Copy the lines below exactly, starting at the one with "Yer: Aydın! 16" and ending at the one with "Janice Loftus (jmrabmcsd)", and leave out any picture.

• The data:
════

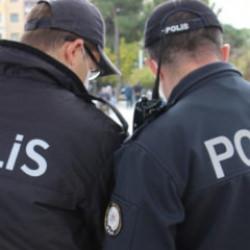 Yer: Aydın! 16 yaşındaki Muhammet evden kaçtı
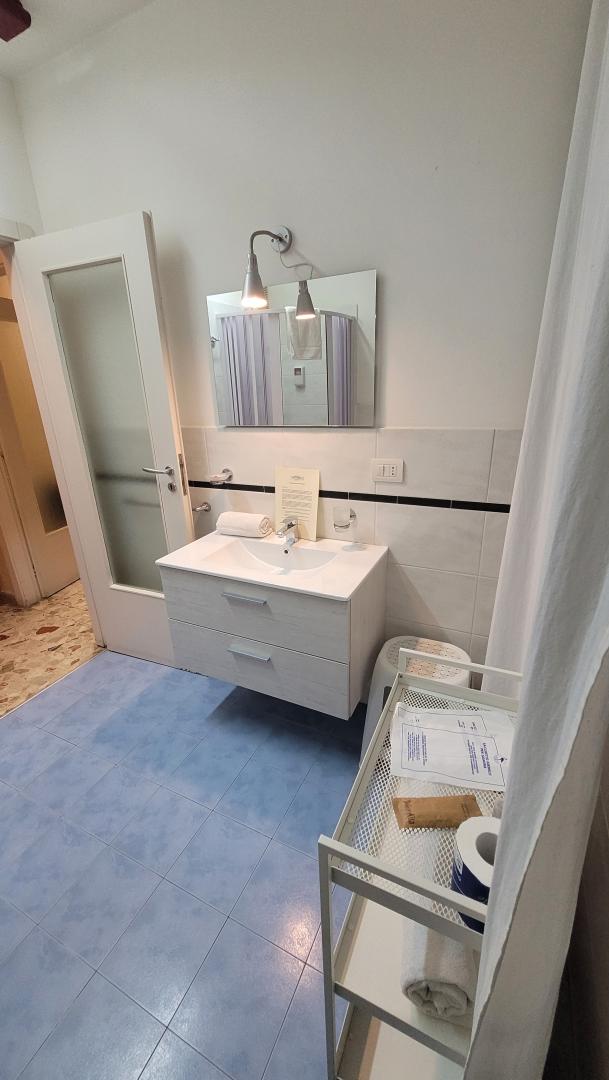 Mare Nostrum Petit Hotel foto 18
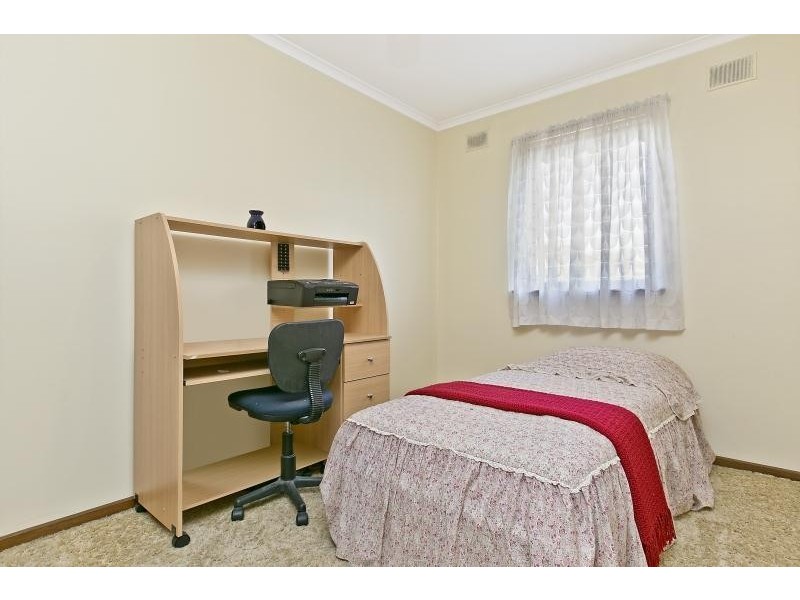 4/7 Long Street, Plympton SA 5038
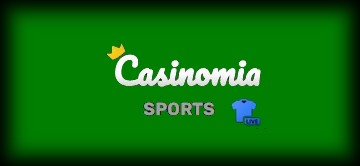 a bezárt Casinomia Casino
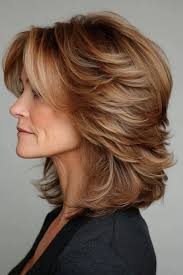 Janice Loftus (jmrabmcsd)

════

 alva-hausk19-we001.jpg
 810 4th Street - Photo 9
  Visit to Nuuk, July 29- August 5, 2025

════

• Expected output:
 Yer: Aydın! 16 yaşındaki Muhammet evden kaçtı
 Mare Nostrum Petit Hotel foto 18
 4/7 Long Street, Plympton SA 5038
 a bezárt Casinomia Casino
 Janice Loftus (jmrabmcsd)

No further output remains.